● Work to complete
Set down, exactly, every line from the top of the listing through the one holding "Siddhartha Bansal Raw".

● Data extract
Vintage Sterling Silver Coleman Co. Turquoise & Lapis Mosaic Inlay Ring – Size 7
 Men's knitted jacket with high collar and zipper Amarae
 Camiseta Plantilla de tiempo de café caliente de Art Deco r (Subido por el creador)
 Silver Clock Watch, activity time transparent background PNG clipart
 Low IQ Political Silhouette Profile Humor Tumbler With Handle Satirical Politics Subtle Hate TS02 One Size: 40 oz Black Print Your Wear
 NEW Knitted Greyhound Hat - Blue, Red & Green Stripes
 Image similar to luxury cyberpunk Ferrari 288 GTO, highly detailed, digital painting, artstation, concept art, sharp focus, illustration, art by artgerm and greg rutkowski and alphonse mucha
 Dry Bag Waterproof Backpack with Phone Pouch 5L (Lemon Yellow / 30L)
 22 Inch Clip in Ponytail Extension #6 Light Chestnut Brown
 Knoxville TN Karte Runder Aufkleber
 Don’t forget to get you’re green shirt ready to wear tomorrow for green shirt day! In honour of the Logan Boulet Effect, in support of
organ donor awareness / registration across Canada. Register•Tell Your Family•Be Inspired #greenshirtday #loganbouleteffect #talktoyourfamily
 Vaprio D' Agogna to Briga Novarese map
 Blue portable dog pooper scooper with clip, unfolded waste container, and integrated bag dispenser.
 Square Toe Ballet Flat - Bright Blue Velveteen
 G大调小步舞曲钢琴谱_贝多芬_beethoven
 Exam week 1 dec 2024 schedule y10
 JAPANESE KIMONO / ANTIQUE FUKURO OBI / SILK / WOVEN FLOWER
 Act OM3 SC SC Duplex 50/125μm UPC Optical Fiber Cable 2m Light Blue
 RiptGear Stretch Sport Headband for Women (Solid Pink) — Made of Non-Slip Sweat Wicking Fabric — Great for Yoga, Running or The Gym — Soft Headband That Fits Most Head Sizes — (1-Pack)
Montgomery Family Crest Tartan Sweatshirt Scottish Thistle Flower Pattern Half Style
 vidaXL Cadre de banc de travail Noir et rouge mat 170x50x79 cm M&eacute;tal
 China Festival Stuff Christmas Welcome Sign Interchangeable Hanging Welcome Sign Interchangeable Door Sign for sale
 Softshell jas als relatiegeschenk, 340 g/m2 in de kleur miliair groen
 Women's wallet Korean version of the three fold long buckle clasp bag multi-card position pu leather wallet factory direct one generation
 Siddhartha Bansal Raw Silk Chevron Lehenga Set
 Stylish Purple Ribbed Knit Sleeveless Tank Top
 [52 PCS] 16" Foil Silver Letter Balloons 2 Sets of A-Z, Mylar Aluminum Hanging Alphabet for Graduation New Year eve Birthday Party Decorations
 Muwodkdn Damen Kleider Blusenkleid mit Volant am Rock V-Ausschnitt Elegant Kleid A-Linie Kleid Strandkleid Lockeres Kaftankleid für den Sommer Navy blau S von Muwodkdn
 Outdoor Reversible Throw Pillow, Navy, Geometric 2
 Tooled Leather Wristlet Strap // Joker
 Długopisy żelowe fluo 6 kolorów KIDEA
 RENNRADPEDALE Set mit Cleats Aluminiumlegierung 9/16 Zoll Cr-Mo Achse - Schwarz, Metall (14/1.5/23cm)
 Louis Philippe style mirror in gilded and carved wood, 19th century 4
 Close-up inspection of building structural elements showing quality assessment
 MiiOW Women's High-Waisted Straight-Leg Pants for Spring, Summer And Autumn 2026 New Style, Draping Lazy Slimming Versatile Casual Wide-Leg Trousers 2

● Task solution
Vintage Sterling Silver Coleman Co. Turquoise & Lapis Mosaic Inlay Ring – Size 7
 Men's knitted jacket with high collar and zipper Amarae
 Camiseta Plantilla de tiempo de café caliente de Art Deco r (Subido por el creador)
 Silver Clock Watch, activity time transparent background PNG clipart
 Low IQ Political Silhouette Profile Humor Tumbler With Handle Satirical Politics Subtle Hate TS02 One Size: 40 oz Black Print Your Wear
 NEW Knitted Greyhound Hat - Blue, Red & Green Stripes
 Image similar to luxury cyberpunk Ferrari 288 GTO, highly detailed, digital painting, artstation, concept art, sharp focus, illustration, art by artgerm and greg rutkowski and alphonse mucha
 Dry Bag Waterproof Backpack with Phone Pouch 5L (Lemon Yellow / 30L)
 22 Inch Clip in Ponytail Extension #6 Light Chestnut Brown
 Knoxville TN Karte Runder Aufkleber
 Don’t forget to get you’re green shirt ready to wear tomorrow for green shirt day! In honour of the Logan Boulet Effect, in support of
organ donor awareness / registration across Canada. Register•Tell Your Family•Be Inspired #greenshirtday #loganbouleteffect #talktoyourfamily
 Vaprio D' Agogna to Briga Novarese map
 Blue portable dog pooper scooper with clip, unfolded waste container, and integrated bag dispenser.
 Square Toe Ballet Flat - Bright Blue Velveteen
 G大调小步舞曲钢琴谱_贝多芬_beethoven
 Exam week 1 dec 2024 schedule y10
 JAPANESE KIMONO / ANTIQUE FUKURO OBI / SILK / WOVEN FLOWER
 Act OM3 SC SC Duplex 50/125μm UPC Optical Fiber Cable 2m Light Blue
 RiptGear Stretch Sport Headband for Women (Solid Pink) — Made of Non-Slip Sweat Wicking Fabric — Great for Yoga, Running or The Gym — Soft Headband That Fits Most Head Sizes — (1-Pack)
Montgomery Family Crest Tartan Sweatshirt Scottish Thistle Flower Pattern Half Style
 vidaXL Cadre de banc de travail Noir et rouge mat 170x50x79 cm M&eacute;tal
 China Festival Stuff Christmas Welcome Sign Interchangeable Hanging Welcome Sign Interchangeable Door Sign for sale
 Softshell jas als relatiegeschenk, 340 g/m2 in de kleur miliair groen
 Women's wallet Korean version of the three fold long buckle clasp bag multi-card position pu leather wallet factory direct one generation
 Siddhartha Bansal Raw Silk Chevron Lehenga Set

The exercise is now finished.